What happened brought to mind an oft quoted remark by Karl Marx: History repeats itself, the first time as tragedy, the second as farce. And farce - "a ludicrous situation or action" - certainly seems to apply to Erwin and some of the former icons of the labour movement.

It applied to the once reviled Moses Mayekiso, an early general secretary of the National Union of Metalworkers of SA (Numsa) who was a guest of honour at his union's congress in October.

Sixteen days later, the newly elected Numsa executive deemed him to be a "sellout" and ordered that his name be obliterated from the union.

The executive was told that Mayekiso would "go to hell" for the "sin" of having resigned from the ANC and for having attended the "national convention" in Johannesburg that led to the launch of the Congress of the People (Cope).

Alec Erwin, who walked out of his ministerial post in protest at the controversial "redeployment" of former president Thabo Mbeki, brought the wrath of Cosatu down on his head by stating that, in protest against the current ANC leadership, he also planned to vote for Cope in next week's elections.

He was characterised as an opportunist by Cosatu president S'dumo Dlamini.

Speaking at the funeral of Cosatu second deputy president Violet Seboni, Dlamini claimed that Erwin "used to hate and distrust the (exiled) ANC"; that he had joined the SA Communist Party (SACP) as a supporter of Chris Hani, but switched loyalty to the winning Mbeki faction when Hani was assassinated in 1993.

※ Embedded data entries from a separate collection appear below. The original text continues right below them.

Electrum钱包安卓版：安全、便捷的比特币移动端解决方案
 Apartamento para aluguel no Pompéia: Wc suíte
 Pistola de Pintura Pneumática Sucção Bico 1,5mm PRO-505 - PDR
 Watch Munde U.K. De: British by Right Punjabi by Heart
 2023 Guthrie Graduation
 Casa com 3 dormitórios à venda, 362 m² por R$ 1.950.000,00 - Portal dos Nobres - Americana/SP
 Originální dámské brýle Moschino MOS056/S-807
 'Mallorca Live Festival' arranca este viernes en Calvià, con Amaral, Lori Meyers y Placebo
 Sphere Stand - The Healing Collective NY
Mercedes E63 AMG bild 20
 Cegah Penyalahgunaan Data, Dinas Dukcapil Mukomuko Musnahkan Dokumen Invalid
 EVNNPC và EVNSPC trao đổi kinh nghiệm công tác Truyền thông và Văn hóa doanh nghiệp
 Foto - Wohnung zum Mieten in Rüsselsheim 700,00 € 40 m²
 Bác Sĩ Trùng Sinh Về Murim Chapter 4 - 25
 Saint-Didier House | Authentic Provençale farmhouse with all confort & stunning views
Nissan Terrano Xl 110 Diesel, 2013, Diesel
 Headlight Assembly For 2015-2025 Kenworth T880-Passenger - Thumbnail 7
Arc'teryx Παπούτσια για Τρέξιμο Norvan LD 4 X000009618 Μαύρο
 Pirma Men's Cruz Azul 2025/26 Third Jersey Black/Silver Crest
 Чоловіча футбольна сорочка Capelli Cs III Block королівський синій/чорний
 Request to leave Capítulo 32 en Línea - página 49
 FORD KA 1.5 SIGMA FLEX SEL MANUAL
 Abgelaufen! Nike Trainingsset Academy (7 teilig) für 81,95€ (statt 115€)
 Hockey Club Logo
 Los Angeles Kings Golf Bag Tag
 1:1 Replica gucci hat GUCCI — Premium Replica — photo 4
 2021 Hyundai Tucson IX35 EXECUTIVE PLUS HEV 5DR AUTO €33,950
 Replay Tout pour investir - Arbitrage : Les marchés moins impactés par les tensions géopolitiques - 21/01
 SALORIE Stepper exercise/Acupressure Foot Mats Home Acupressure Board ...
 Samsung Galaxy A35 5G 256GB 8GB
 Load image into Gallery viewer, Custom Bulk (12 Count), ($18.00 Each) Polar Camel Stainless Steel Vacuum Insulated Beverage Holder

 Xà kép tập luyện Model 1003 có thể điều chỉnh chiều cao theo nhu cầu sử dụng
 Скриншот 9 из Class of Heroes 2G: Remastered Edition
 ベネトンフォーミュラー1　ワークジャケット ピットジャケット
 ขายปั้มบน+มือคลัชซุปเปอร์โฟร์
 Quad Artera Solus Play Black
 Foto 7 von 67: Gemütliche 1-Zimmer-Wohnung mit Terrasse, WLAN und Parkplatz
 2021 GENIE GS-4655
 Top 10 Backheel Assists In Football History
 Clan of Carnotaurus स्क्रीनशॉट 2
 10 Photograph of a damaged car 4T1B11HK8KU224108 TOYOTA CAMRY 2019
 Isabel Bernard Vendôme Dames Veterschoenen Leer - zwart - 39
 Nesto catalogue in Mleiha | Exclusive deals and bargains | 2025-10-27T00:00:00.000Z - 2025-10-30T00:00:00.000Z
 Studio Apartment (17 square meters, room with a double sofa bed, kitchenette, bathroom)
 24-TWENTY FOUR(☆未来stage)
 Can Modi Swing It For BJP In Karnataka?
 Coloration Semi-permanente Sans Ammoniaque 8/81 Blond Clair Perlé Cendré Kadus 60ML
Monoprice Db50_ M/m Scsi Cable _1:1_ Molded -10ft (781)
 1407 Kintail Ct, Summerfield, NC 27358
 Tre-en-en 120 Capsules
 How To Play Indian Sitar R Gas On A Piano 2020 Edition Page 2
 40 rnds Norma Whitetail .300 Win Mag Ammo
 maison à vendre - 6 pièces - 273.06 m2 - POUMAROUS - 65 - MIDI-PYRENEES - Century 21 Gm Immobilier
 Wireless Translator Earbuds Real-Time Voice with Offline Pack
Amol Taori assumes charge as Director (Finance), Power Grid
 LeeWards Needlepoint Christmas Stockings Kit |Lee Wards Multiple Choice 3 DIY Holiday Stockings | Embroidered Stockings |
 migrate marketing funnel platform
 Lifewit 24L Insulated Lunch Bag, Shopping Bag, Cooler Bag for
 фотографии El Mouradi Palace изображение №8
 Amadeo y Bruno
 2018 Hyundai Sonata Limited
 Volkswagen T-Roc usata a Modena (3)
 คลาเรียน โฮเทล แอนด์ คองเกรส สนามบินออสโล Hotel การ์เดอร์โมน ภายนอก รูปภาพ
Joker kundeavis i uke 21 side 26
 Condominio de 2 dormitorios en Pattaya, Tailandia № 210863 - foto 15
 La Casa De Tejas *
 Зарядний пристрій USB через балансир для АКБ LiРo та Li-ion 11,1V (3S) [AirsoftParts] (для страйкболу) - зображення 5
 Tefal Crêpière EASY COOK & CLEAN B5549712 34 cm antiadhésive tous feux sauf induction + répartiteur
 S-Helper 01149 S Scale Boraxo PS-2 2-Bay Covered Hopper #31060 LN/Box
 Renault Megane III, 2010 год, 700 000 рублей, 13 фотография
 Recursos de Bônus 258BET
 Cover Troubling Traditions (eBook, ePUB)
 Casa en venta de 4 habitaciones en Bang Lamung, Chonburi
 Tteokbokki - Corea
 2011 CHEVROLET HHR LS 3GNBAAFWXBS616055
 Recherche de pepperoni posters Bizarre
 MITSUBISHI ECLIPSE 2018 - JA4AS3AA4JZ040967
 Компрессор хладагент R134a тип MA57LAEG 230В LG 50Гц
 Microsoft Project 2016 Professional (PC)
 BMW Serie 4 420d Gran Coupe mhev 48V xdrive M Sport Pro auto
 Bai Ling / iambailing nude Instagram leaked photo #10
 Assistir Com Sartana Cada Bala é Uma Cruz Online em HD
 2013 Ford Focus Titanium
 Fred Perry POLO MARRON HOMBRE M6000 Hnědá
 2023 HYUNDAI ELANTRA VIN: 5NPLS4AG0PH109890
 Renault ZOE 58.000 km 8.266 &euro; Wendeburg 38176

Not only does this promote the politically charged rumour of a Hani/Mbeki feud, it is also factually incorrect.


A plethora of documentary evidence makes it clear that Erwin, if anything, bent over backwards to work with the exiled ANC. He only stopped being a full member of the SACP in 2007, when he stopped paying his monthly subscription.

It was Mayekiso who left the SACP after Hani's death, stating that, with Hani gone, there was no hope of the SACP being salvaged from its distorted "Stalinist" past.

Mayekiso and Erwin were recruited into the SACP in Harare in 1990 by Hani and former SACP chairman Joe Slovo.

Like Mayekiso, Erwin was one of the "workerist" trade unionists who helped to build the modern union movement. But he and other students who had turned their backs on their backgrounds and joined the anti-apartheid union struggle were denigrated as "political hoboes" throughout those early years. They were part of a trade union movement the SACP had decreed could not be "progressive".

It was only when reality finally overwhelmed the ideological nonsense of the SACP that Cosatu, with all its diverse ideological strands, was accepted.

In the absence of an alternative to the ANC and SACP, most workerists joined the ANC as a broad, anti-apartheid front. It was their right to do so, as it is now their right to choose whom they wish to support.

The International Labour Organisation and unions stress that unity in diversity is an essential principle of trade unionism.

This week's example of historical revisionism - whether out of ignorance or malice - undermines this principle.